Ces modifications ont un effet rétroactif sur les poursuites civiles pour lesquelles, à la date d'entrée en vigueur, aucune décision finale n'avait encore été rendue10, ce qui signifie que les renseignements déjà utilisés ou les documents déjà produits en preuve peuvent être considérés comme irrecevables.
Les modifications prévoient néanmoins un nombre limité d'exceptions à l'immunité en matière de divulgation11. Ainsi, le BSIF et l'État fédéral peuvent toujours utiliser comme preuve dans une poursuite des renseignements relatifs à la supervision. Un tribunal peut également ordonner au BSIF de produire un document ou de faire une déposition orale dans des poursuites intentées par le BSIF ou l'État fédéral dans le contexte de la mise en application de la Loi sur le Bureau du surintendant des institutions financières.
Conclusion
Dans l'ensemble, nous estimons que les modifications devraient rassurer les institutions financières quant à la confidentialité de leurs communications avec le BSIF. En réagissant sans tarder à la décision de la Cour d'appel du Québec, le Parlement a confirmé qu'il a toujours eu l'intention de protéger les renseignements relatifs à la supervision contre la divulgation judiciaire. Cette approche permet d'assurer un climat de confiance et de transparence entre les institutions financières et le BSIF, et d'empêcher que des renseignements sensibles sur le plan financier soient rendus publics par mégarde.
À toutes fins utiles, le Parlement a infirmé la décision de la Cour d'appel du Québec. Cette intervention nous rappelle que les interdictions de divulgation ne devraient pas être interprétées trop restrictivement lorsque des objectifs de politique publique justifient clairement la protection de renseignements sensibles.
1Société financière Manuvie c. D'Alessandro, 2014 QCCA 2332, demande d'autorisation d'appel à la Cour suprême du Canada retirée.
2Mouvement d'éducation et de défense des actionnaires (MEDAC) c. Société financière Manuvie, 2014 QCCS 2001.
3 L.R.C. 1985, c. 18 (3 e suppl.), partie I.
4Règlement sur les renseignements relatifs à la supervision des sociétés d'assurances, DORS/2001-56; Règlement sur les renseignements relatifs à la supervision des banques, DORS/2001-59; Règlement sur les renseignements relatifs à la supervision des sociétés de fiducie et de prêt, DORS/2001-55; Règlement sur les renseignements relatifs à la supervision des associations coopératives de crédit, DORS/2001-57; Règlement sur les renseignements relatifs à la supervision des banques étrangères autorisées, DORS/2001-58.
5 Voir les articles 232 à 238 de la Loi n°1 sur le plan d'action économique de 2015, L.C. 2015, c. 36 (Projet de loi C-59).

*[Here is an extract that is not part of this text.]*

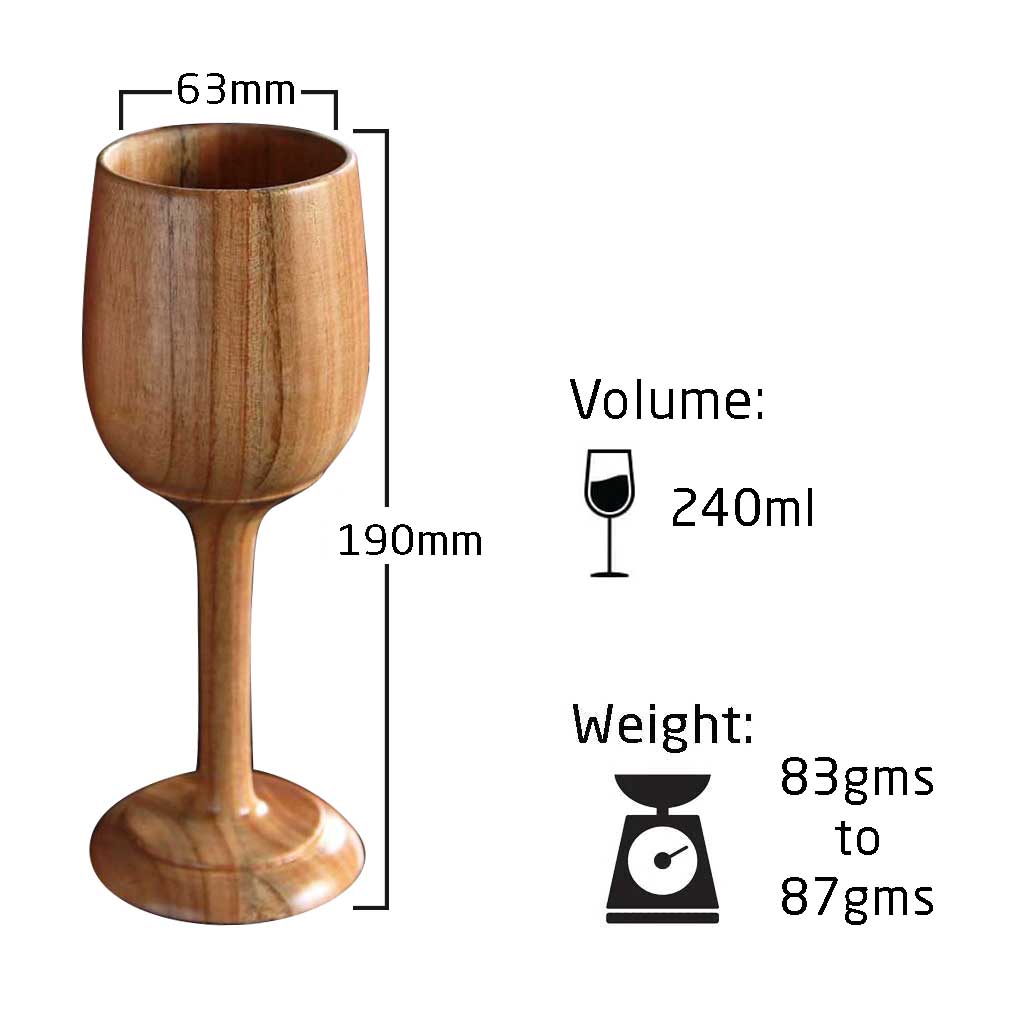 Personalized Wood Wine Goblets Engraved With Name | Anniversary Gift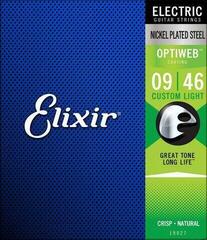Struny do gitary elektrycznej Elixir 19027 Optiweb 9-46 Struny do gitary elektrycznej - 2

6 L.C. 1991, c. 45, art. 504.
7 L .C. 1991, c. 46, art. 608, 638 et 956.1.
8 L.C. 1991, c. 47, art. 672.2 et 999.1.
9 L.C. 1991, c. 48, art. 435.2.
10 Voir les articles 239 à 245 de la Loi n°1 sur le plan d'action économique de 2015, L.C. 2015, c. 36.
11 Par exemple, voir les paragraphes (3) et (4) de l'article 638 de la Loi sur les banques, L .C. 1991, c. 46.